今手元に作詞家の阿久悠の『日記力』という冊子があるが、昭和のヒット曲を次々と生み出した作詞家の秘密の武器が日記であったことが知れる。以前に買っていた文春新書、鴨下信一の『面白すぎる日記たち』もこのほど読み返してみた。日々の生活の記録には、生きることの意味がつまっている。思い返してみれば自分の読書体験のなかで、日記の占める部分が多いことに改めて気づいた。

家の本棚を漁って見ると注目すべき2冊の新書が出てきた。臼田昭『ピープス氏の秘められた日記』と神坂次郎『元禄御畳奉行の日記』である。方や17世紀イギリス紳士の生活記録であり、片や17世紀末元禄時代の尾張藩士の日記をひも解いたものだが、全く異なる文化圏のなこで、人間の生きざまを見ると、その本質がほぼ同じであることが見てとれる。

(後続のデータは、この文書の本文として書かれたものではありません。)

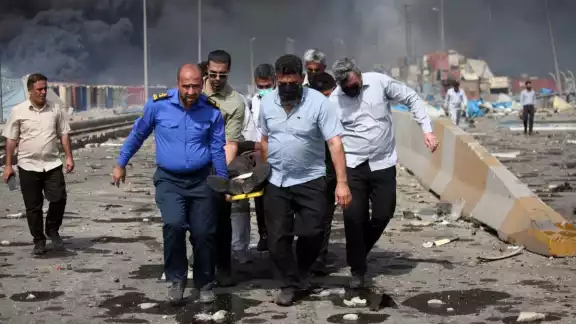 La explosión, que ocurrió alrededor del mediodía (hora local), se produjo en los muelles del puerto Shahid Rajai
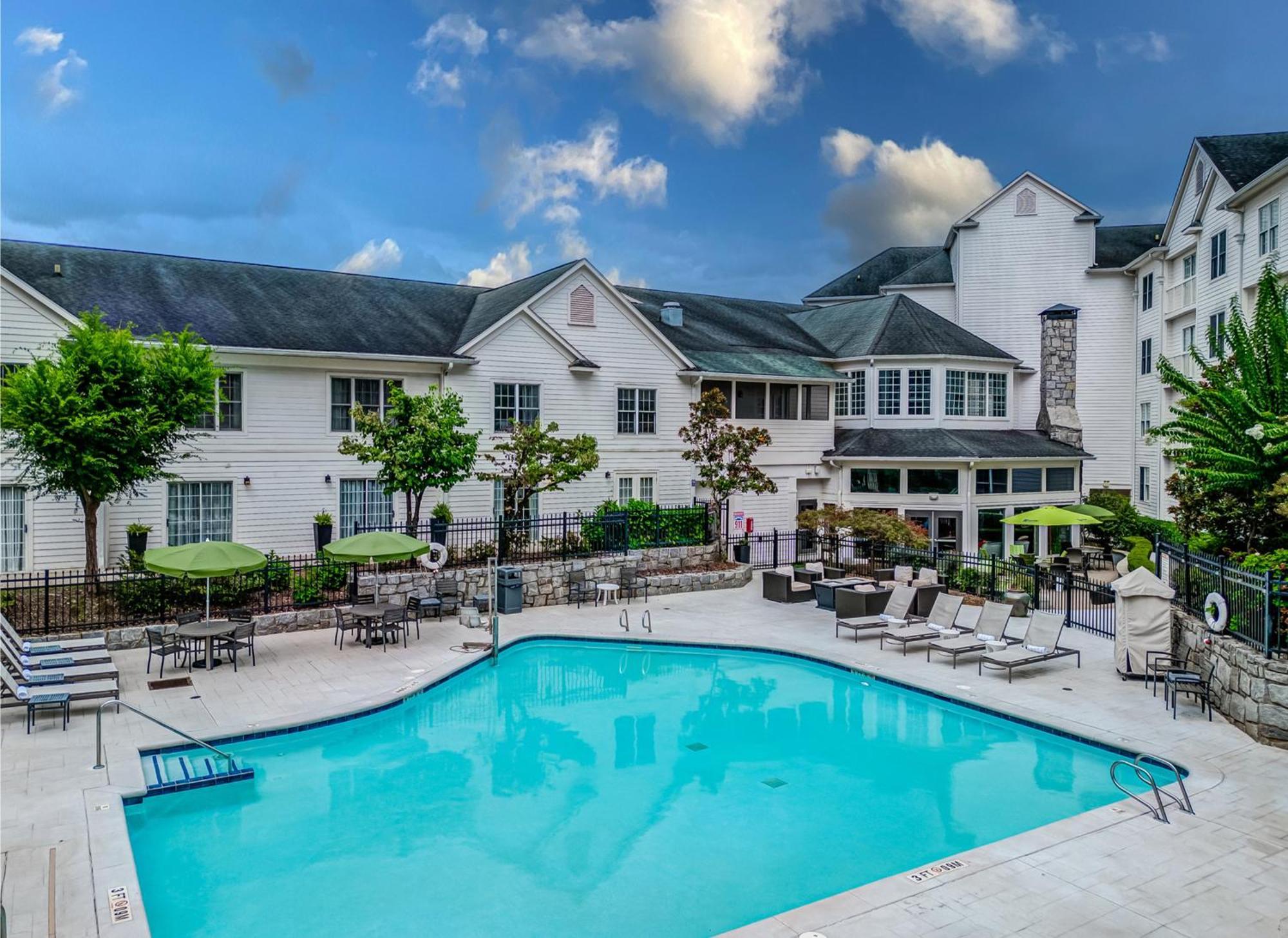 Hotel Indigo Atlanta Vinings By Ihg Smyrna Exterior foto
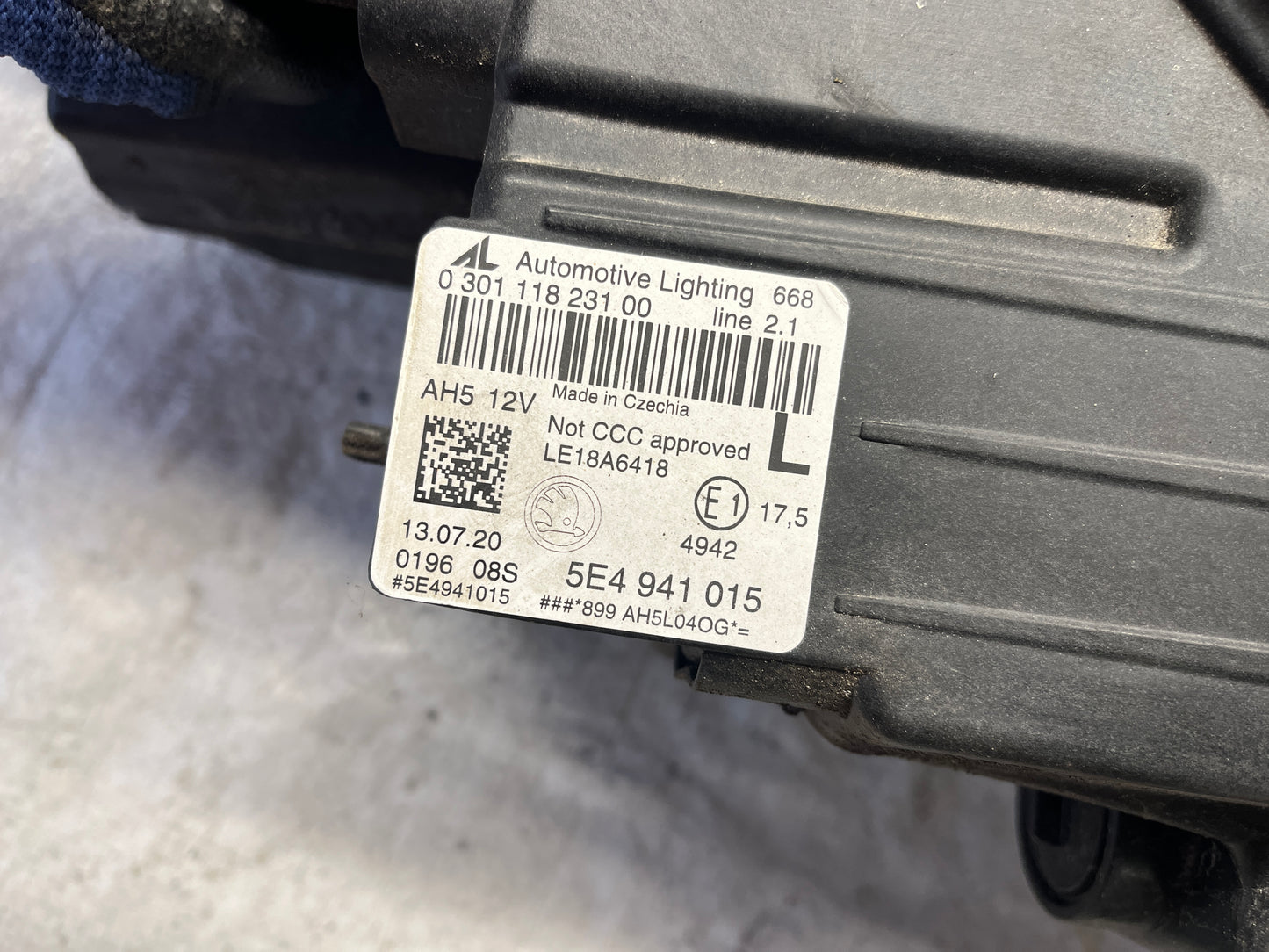 Skoda Octavia 4 ляв фар • 2017–2020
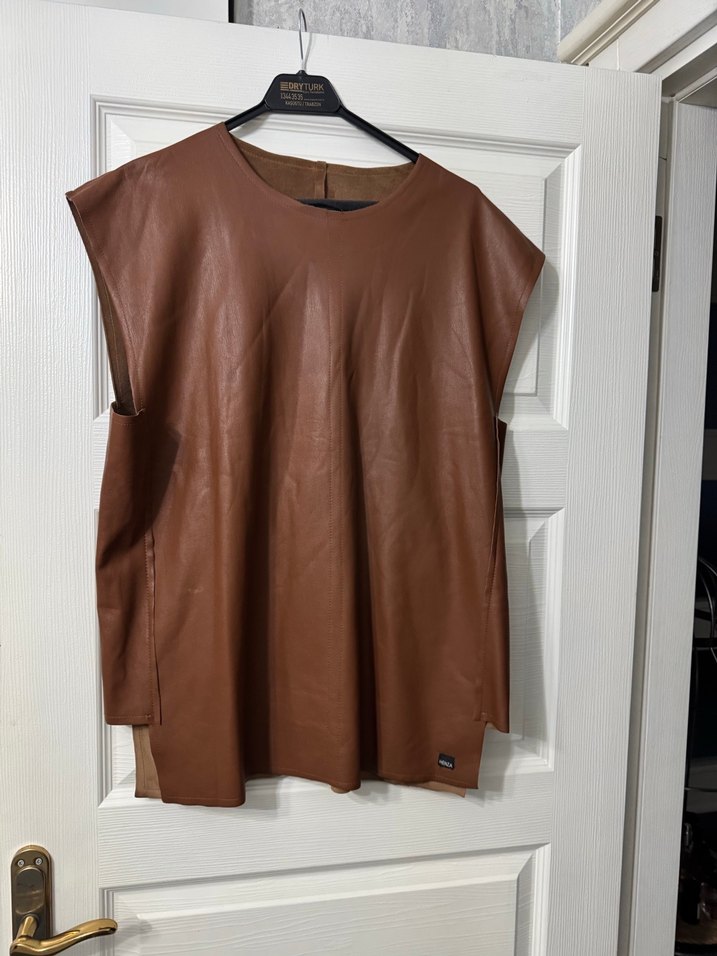 Kahverengi Deri Kolsuz Bluz süveter - Görsel 2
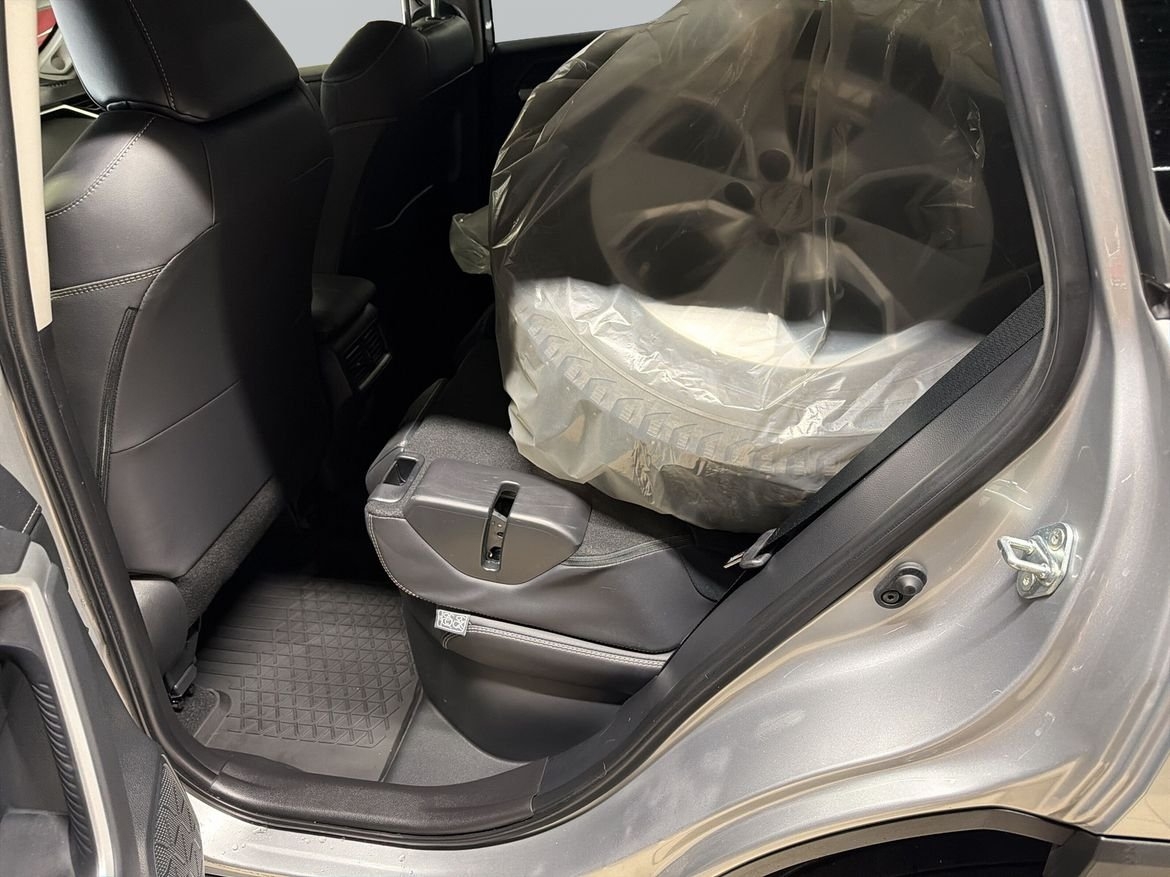 Toyota RAV4 2025, bild 7/14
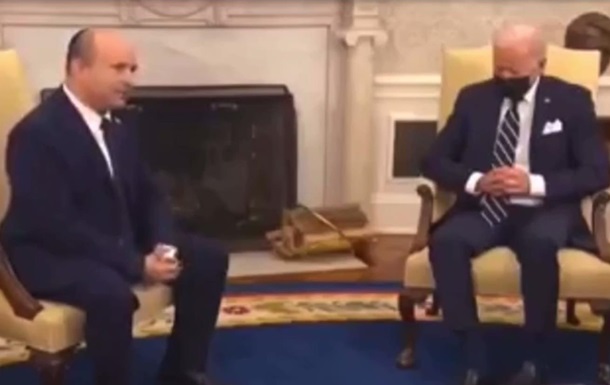 Байден уснул во время встречи с премьером Израиля (видео)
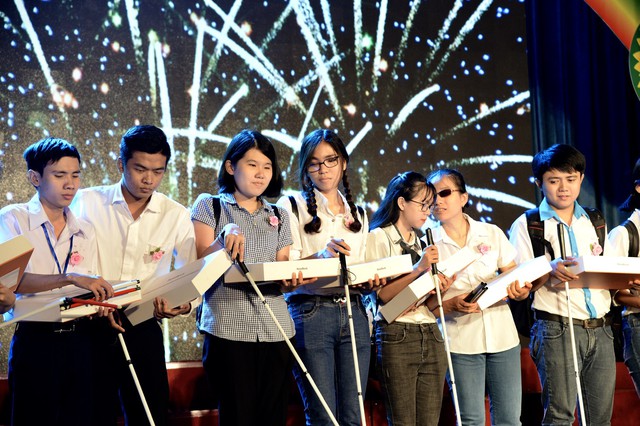Nắng ấm rực vàng 20 năm Thư viện sách nói Hướng Dương - Ảnh 8.
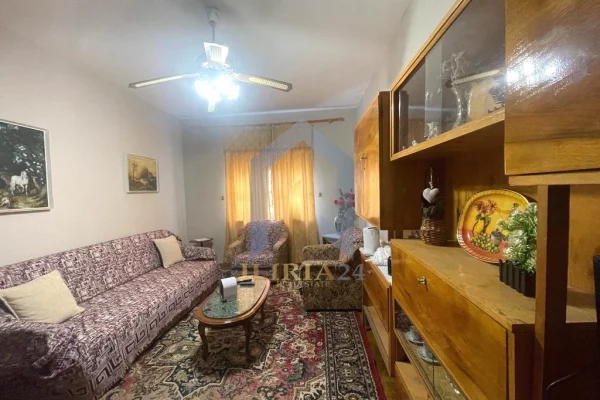 Shtepi me qera Apartament ne Tirane, 2+1, Mobilimi E mobiluar, Pagesa 450  Euro.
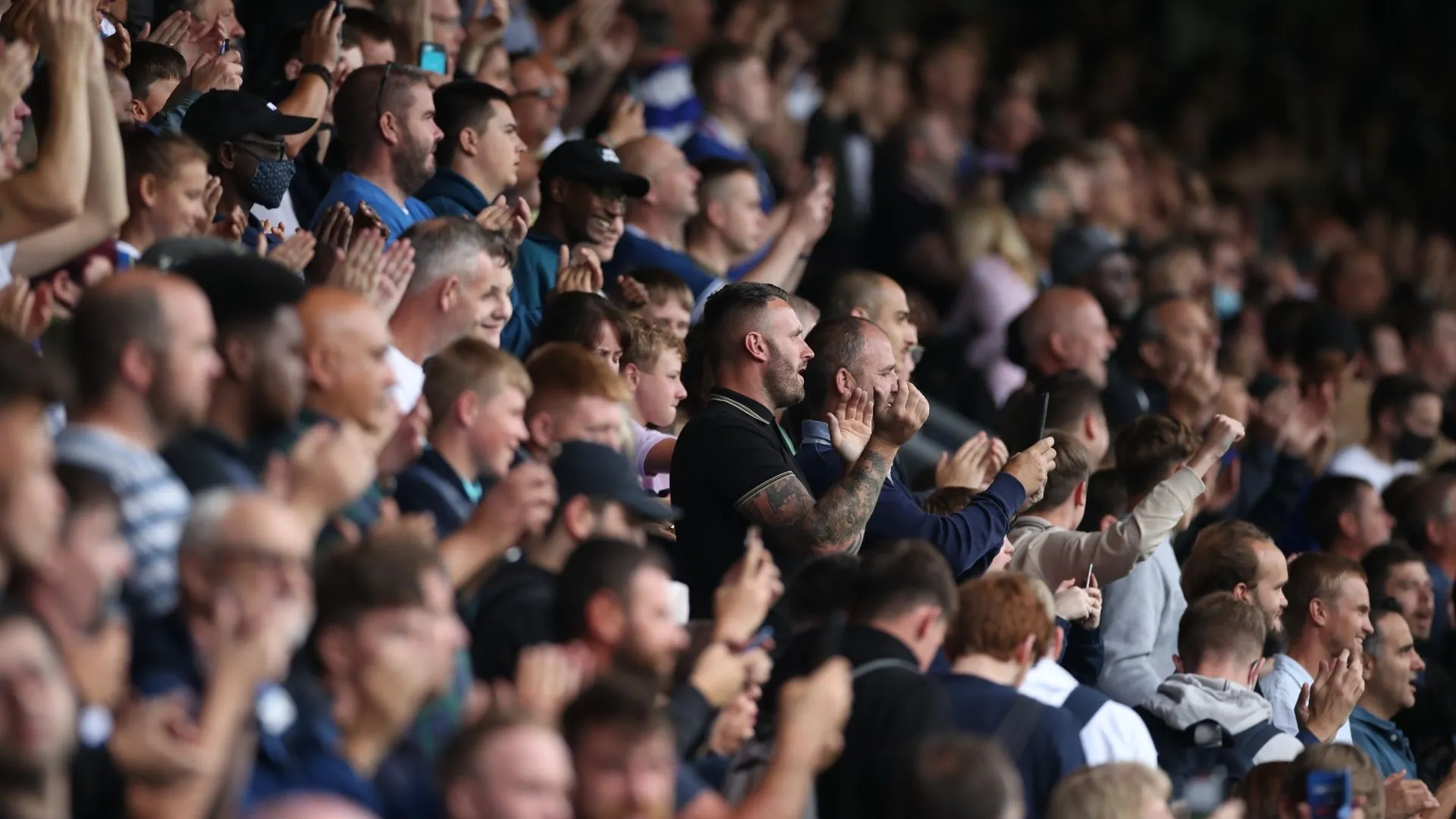 Người hâm mộ Queens Park Rangers cổ vũ trên khán đài, hy vọng vào những gương mặt mới và tương lai đội bóng.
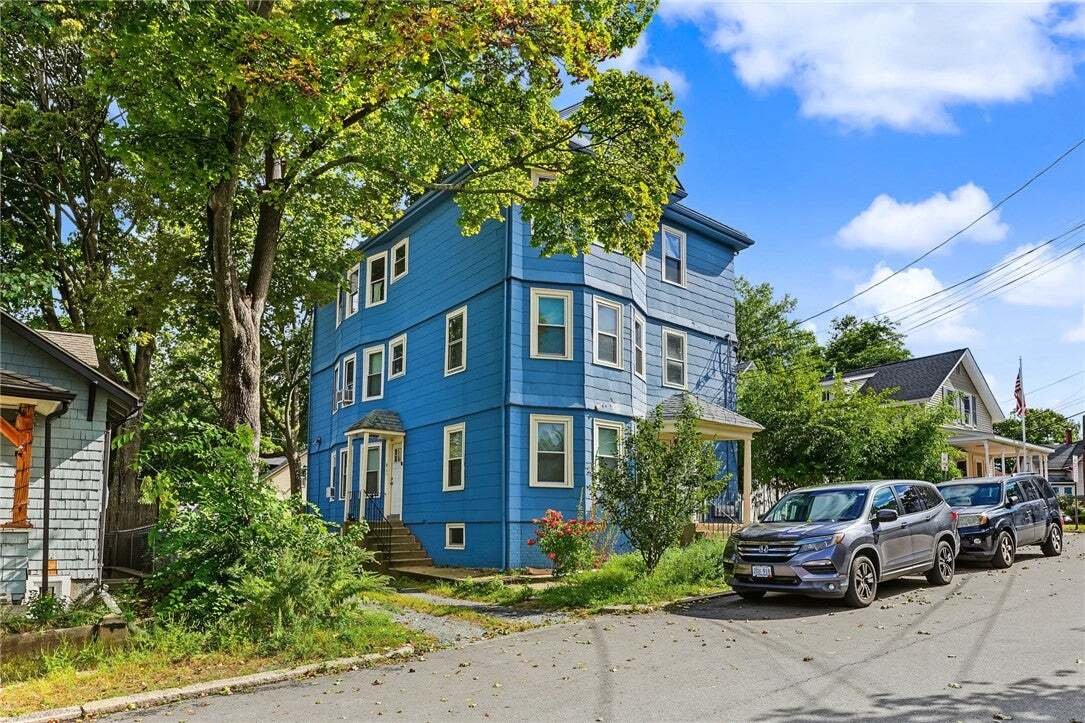 Pawtucket, Rhode Island, United States 1 - 18933826
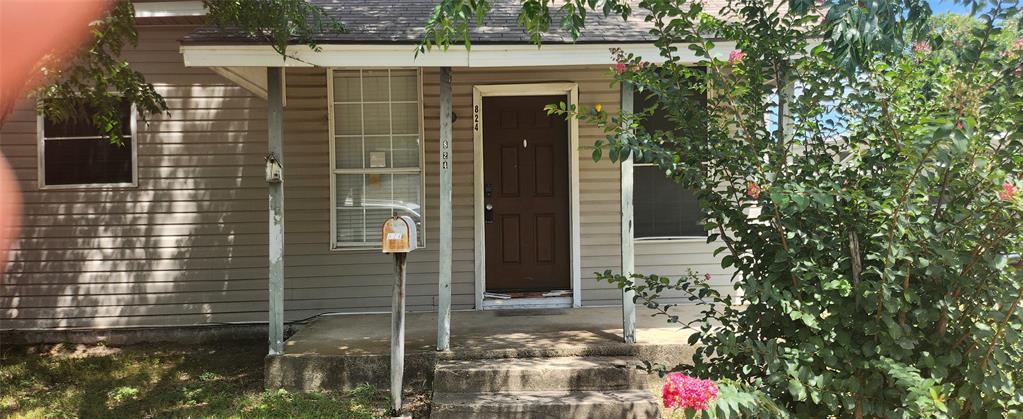 824 Carver Street Property Photo 3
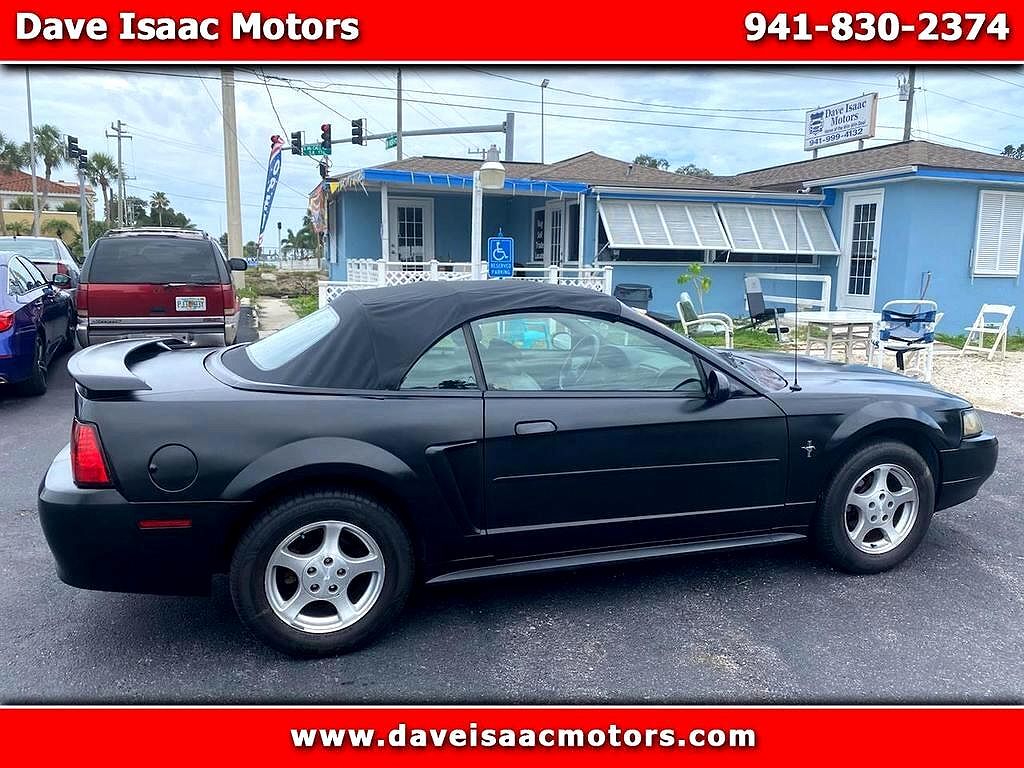 2002 Ford Mustang null image 0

「今週のはじめ、この一週間は酒を飲まないと自分自身に誓いを立てた(仕事に気を配ることができなくなるからだが)が、今朝意に反してそれを破ったので、たいそう心が悩む―だが神様もお許し下さるだろう」(ピープス)
「予、昨夜、酒過ぎ、且つ食傷の気味なり、心神例ならず、今朝二度吐逆す。従来謹むべし」(元禄13年 朝日文左衛門)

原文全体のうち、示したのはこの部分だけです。